Depressione. La demenza può presentarsi in diverse forme: la più conosciuta è il morbo di Alzheimer, ma, spiega il presidente dell’Asaa Ulrich Seitz, «alcune forme, specialmente se accompagnate da depressione e altre malattie, non sono immediatamente riconoscibili. Confrontando le analisi del Ministero e di altri istituti, ogni anno riusciamo a fare una proiezione dell’incidenza qui in Alto Adige. I casi di demenze sono tra i 12 e i 13mila, con mille casi nuovi all’anno. Di questi, solo il 25% è preso in carico dai servizi sanitari, mentre il resto sono persone curate in casa da familiari o badanti: spesso la mancanza di un’informazione adeguata fa sì che le possibilità di ricovero non vengano sfruttate appieno». Una bella differenza, considerando le difficoltà non solo economiche - anche se queste hanno sicuramente il loro peso nel bilancio familiare. «Possono sorgere problemi legali ed economici» prosegue Seitz, «ma soprattutto i familiari delle persone colpite possono incorrere in crolli emotivi e nervosi ed esaurire le energie, il che comporta un maggiore stress psicologico anche per la persona affetta da demenza.

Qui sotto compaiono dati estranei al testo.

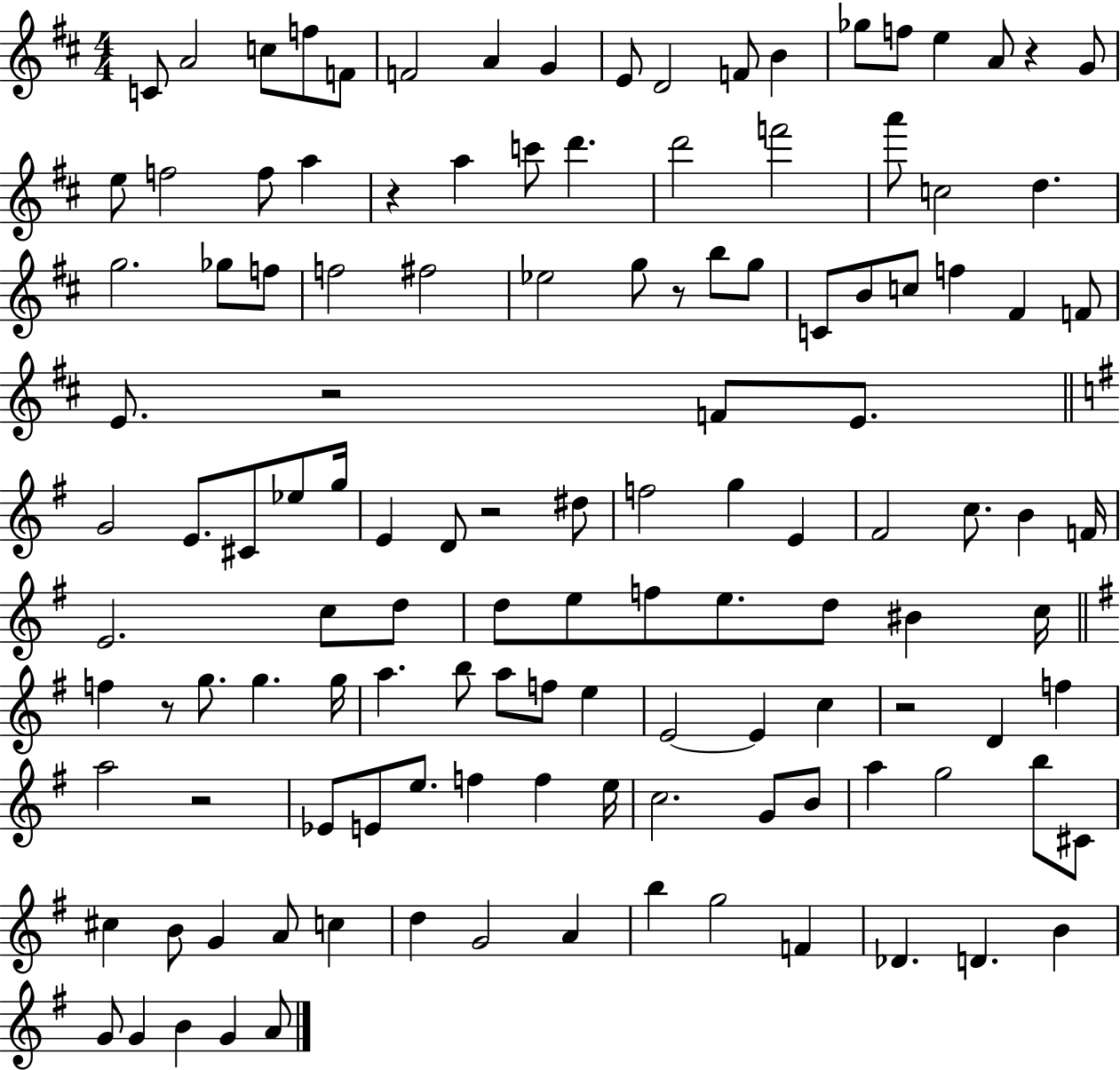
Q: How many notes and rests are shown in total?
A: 127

Può crearsi il terreno per uno stato depressivo, che si aggiunge allo stigma associato alla demenza. Senza contare che sono in aumento le persone isolate, prive di un contesto familiare che le sostenga e di un supporto economico adeguato». Non è detto che la cura a casa sia la soluzione migliore, quindi, ma serve che chi cura sia adeguatamente preparato, come rilevato da Podini. E che abbia garanzie giuridiche e contrattuali, col diritto al congedo e con una riduzione degli orari di lavoro per i familiari costretti a dividersi tra vita lavorativa e attività di assistenza. «È più che mai necessario un registro provinciale delle demenze, per capire chi è assistito, dove, come e con quali risorse e per avere contezza del numero di familiari impegnati nella cura, delle risorse economiche profuse e delle strutture dove si erogano determinate prestazioni. Inoltre va ampliata la rete di comuni dementia friendly, sull’esempio di Egna, e va migliorata la rete di comunicazione tra paziente, familiari, medico di base o specialista e strutture. Nella maggioranza dei casi i pazienti sono seguiti da geriatri: solo un terzo di loro si rivolge a esperti di psichiatria» conclude Seitz.

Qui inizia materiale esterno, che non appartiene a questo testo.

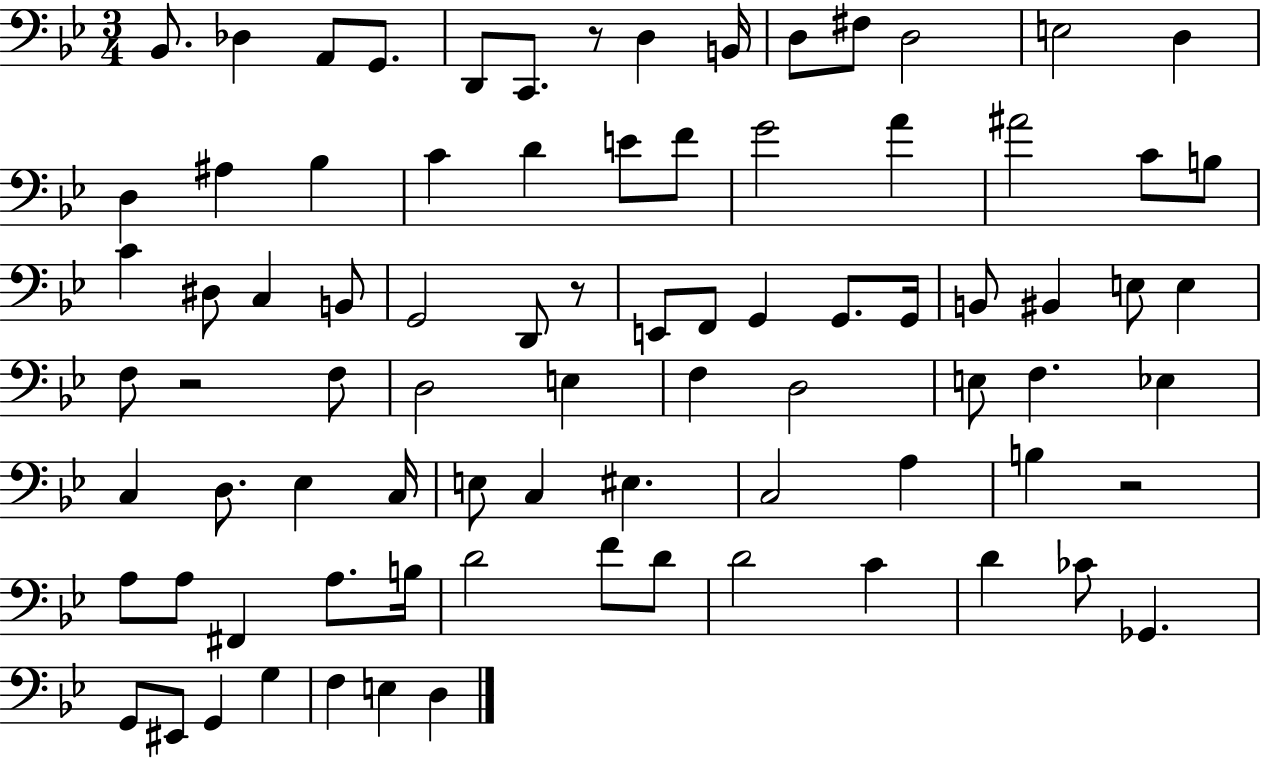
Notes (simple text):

Prime soluzioni. A dare un primo, importante supporto informativo è Barbara Plagg, ricercatrice dell’Università di Bolzano, con l’opuscolo “Prevenire i disturbi della memoria”, presentato ieri nella sede dell’Asaa (piazza Gries 18). «L’incidenza delle demenze è in forte aumento: per il 2050 è previsto un raddoppio dei casi. Nell’opuscolo sono spiegati i fattori di rischio, ma soprattutto si danno consigli pratici per evitare che la malattia prenda il sopravvento sulle nostre vite». Perché, come racconta la consigliera provinciale e testimonial Asaa Brigitte Foppa, «la prevenzione e il confronto con altre persone sono fondamentali. Solo nel momento in cui mia madre è scomparsa ho avuto la forza di interessarmi all’associazione. Prima, per tutti e quindici gli anni della malattia, tra noi due non si era mai parlato di demenza». A Egna, intanto, l’architetto Loris Alberghini e l’ingegner Michele Conci stanno mettendo a punto una serie di interventi volti a migliorare la qualità della vita in casa, impiegando tecnologie informatiche quali sensori di pressione a pavimento, rilevatori di movimento e tessuti in grado di misurare l’umidità. Al progetto collabora l’informatico Mario Orlandi, che impiega il cosiddetto Internet of Things (un’evoluzione dell’uso di internet): oggetti “intelligenti” potranno caricare nel cloud i dati del paziente o essere mezzi per la teleassistenza, in modo da intercettare una dimensione di solitudine e restituire sicurezza e conforto. Col conseguente benessere psicologico della persona affetta da demenza e dei suoi familiari.